Laurent Guillemin : Non, ce n'est plus le cas parce que pour des questions géopolitiques et de sécurité, l'Azerbaïdjan se réserve le droit désormais de procéder à des arrestations arbitraires de tout ressortissant français, avec ou sans visa.
Je vais donc me rendre à la frontière entre la Géorgie et l'Azerbaïdjan, et faire ce que j'appelle "la route de l'Énergie". Je vais rencontrer chacune des personnes avec qui je souhaite m'entretenir à Bordeaux, Agen, Toulouse, Béziers, Arles, Marseille, Valbonne, Monaco...
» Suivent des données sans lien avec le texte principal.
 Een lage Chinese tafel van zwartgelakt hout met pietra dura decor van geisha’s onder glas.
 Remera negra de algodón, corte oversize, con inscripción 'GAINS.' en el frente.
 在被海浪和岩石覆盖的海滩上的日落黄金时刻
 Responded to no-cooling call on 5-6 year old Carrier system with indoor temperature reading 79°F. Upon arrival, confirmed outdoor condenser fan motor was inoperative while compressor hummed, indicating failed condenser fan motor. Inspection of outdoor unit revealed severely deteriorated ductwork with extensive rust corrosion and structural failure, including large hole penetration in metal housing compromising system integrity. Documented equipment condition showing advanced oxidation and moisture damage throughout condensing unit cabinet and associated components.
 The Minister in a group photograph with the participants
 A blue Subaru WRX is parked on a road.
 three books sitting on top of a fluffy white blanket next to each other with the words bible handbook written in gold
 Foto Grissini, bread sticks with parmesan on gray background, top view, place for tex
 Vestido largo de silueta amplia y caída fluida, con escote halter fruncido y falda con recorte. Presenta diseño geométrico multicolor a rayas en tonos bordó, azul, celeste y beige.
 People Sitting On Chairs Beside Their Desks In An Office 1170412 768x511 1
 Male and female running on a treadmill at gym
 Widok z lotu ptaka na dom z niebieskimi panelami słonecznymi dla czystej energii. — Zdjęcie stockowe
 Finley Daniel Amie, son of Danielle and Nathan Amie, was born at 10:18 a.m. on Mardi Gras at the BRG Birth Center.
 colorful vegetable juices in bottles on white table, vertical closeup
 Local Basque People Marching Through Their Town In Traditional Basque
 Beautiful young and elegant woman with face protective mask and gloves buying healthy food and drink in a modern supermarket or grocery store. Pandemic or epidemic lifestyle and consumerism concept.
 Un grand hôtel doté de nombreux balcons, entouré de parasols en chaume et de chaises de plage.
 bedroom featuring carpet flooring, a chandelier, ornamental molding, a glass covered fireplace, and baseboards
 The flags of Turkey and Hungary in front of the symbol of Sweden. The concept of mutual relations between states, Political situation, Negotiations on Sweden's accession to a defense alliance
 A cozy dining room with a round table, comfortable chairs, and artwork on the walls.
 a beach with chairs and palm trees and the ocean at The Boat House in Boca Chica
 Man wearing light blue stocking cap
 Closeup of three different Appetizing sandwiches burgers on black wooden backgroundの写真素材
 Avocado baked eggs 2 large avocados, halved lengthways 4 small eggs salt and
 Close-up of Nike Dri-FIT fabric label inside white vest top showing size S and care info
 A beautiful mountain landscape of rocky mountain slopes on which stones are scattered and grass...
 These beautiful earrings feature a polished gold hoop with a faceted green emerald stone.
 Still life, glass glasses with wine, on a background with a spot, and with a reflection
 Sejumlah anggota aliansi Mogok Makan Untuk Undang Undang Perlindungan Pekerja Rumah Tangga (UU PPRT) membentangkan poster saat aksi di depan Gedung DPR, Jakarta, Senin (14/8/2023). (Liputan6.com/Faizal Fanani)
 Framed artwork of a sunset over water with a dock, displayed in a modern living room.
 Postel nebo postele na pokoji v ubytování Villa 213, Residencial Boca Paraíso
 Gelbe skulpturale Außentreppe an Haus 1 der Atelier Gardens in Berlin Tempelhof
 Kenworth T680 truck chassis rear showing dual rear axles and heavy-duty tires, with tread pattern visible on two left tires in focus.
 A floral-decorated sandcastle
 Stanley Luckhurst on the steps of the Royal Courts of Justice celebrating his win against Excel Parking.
Et on va discuter : Est ce que tu sais d'où vient ton énergie ? Est ce que tu connais la proportion d'énergies renouvelables sur ton territoire ? Qu'est ce que tu fais ? Qu'est ce que tu saurais faire ?
Un kilowattheure c'est invisible. C'est pas comme un déchet, comme de l'eau ou une fuite d'eau qui eux, se voient. Un kilowattheure est invisible, donc c'est très compliqué à appréhender, sauf quand il brille. C'est pour ça que tout le monde fait un grand forcing sur les lumières, les lumières, les lumières, ce qui est une très bonne chose. Mais en soi, c'est une toute petite partie de la consommation d'énergie de notre monde.
RCF : Finalement, vous ne déposez pas véritablement votre casquette d'adjoint à l'énergie ?
Laurent Guillemin : Je réitère que je dépose bien ma casquette d'adjoint. C'est une certitude.
Mais toutes études, mes deux diplômes, ma vie personne, ma vie professionnelle, ma vie d'adjoint au Maire de Bordeaux, ma vie de commandant de l'armée de l'air ont été dédiés à l'Énergie. Je suis ingénieur en Énergie, je me suis spécialisé en réduction de la consommation de l'eau et de l'énergie dans les bâtiments sur le territoire. J'avais une société de conseil en Énergie. Je suis adjoint effectivement en charge de l'Énergie.
RCF : Justement, est ce que vous ne faites pas une entaille à votre mandat en délaissant les bordelais pendant 7 semaines ?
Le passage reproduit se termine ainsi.